Post Trump trauma: A lesson in the power of perceived authenticity?




Neil Bayley

Trump has got at least one thing right. His victory represents ‘Brexit times ten’. For the world’s only superpower to take such a punt on a brash billionaire with no political experience and an underdeveloped policy agenda is politically, economically and culturally seismic.

Given how few people predicted Trump’s election, the day of his victory is probably not the time to look at silver linings for the UK, but I think there may be some.

Trump and his advisors will now move to moderate many of his positions. But Trump is still Trump and he is nothing if not unpredictable. During the campaign, he raised fundamental questions over the viability of NATO while talking about cosying up to Russia. European allies, especially those in the East, are likely to be in a state of heightened worry now that he has been elected to office.
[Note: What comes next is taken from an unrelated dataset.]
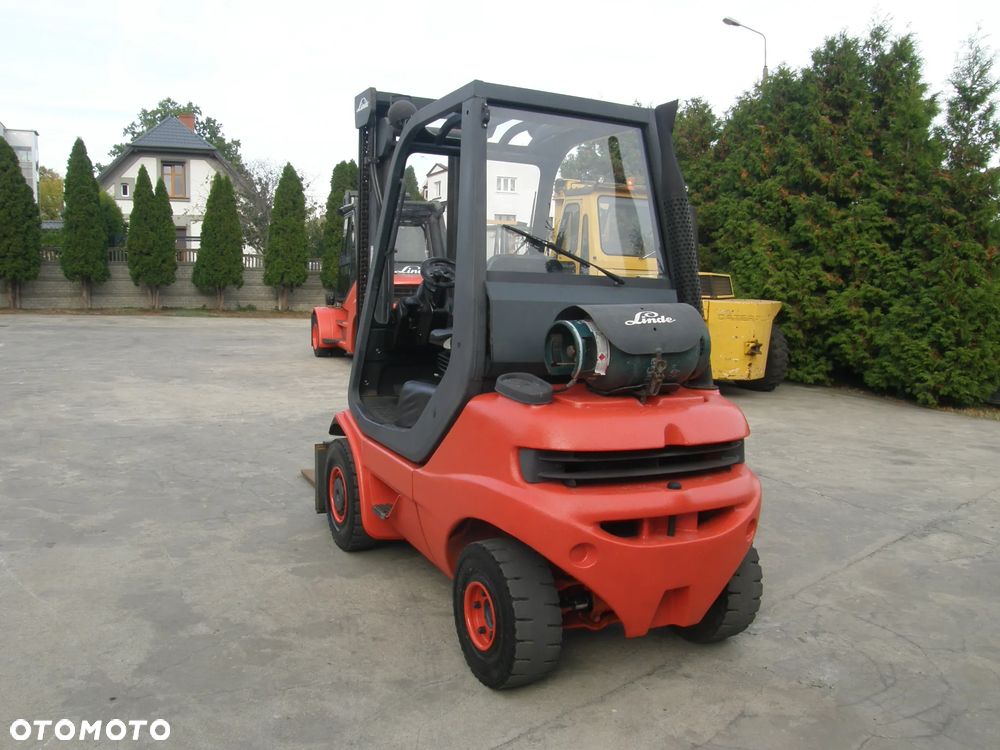 Linde H25T-03 1998 przesuw z Niemiec - 14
The UK’s position, as one of NATO’s principal powers, provides it with the opportunity to act as a much needed interlocutor between the USA and the rest of the alliance, while reassuring European allies of its own steadfast commitment to NATO. Not only does this afford the UK a proactive foreign policy role post-Brexit, but much-needed leverage in Brexit negotiations; trading British security support and expertise in exchange for backing for its aim to maximise access to the European market combined with a creative mechanism to limit free movement. Post-Brexit, the UK will also explore the anglophile Trump’s assertion that the UK would be at the front of the queuewhen it comes to any future Free Trade Agreement.

UK business needs to get in front of ministers if it is to influence the Prime Minister’s overall negotiating stance. The recent Nissan deal demonstrated that the Government is sensitive of the need to be talking to business, but also delivering on economic and commercial opportunities with the support of business.

If nothing else, Trump’s election, like the Brexit Referendum before it, provides corporate communicators with one all-important lesson. Authenticity in communications has almost become a buzzword. It is said that Trump’s ex-wife, Ivana, suggested an alternative slogan for his campaign: “You think it, I say it.” The dog whistle, implicit or explicit, is one that many find ugly and objectionable. But Trump’s seemingly unchecked outbursts are calculated to have garnered him $4.8 billion in earned media coverage. While he outraged many, there was, as it turns out, a greater amount of people who considered what he had to say as refreshing, unspun and ultimately believable.

Since the financial crisis, the public has lost much confidence in business, (as well as mainstream politicians). True authenticity in communications can’t be achieved through nice words, however articulately written or spoken. It must come from communicating core truths about a purpose or proposition which consumers can recognise themselves to be true. Only then can business build and maintain public confidence, engagement and thence market share. Perhaps that is what one of the world’s foremost business personalities has just proved to the political world?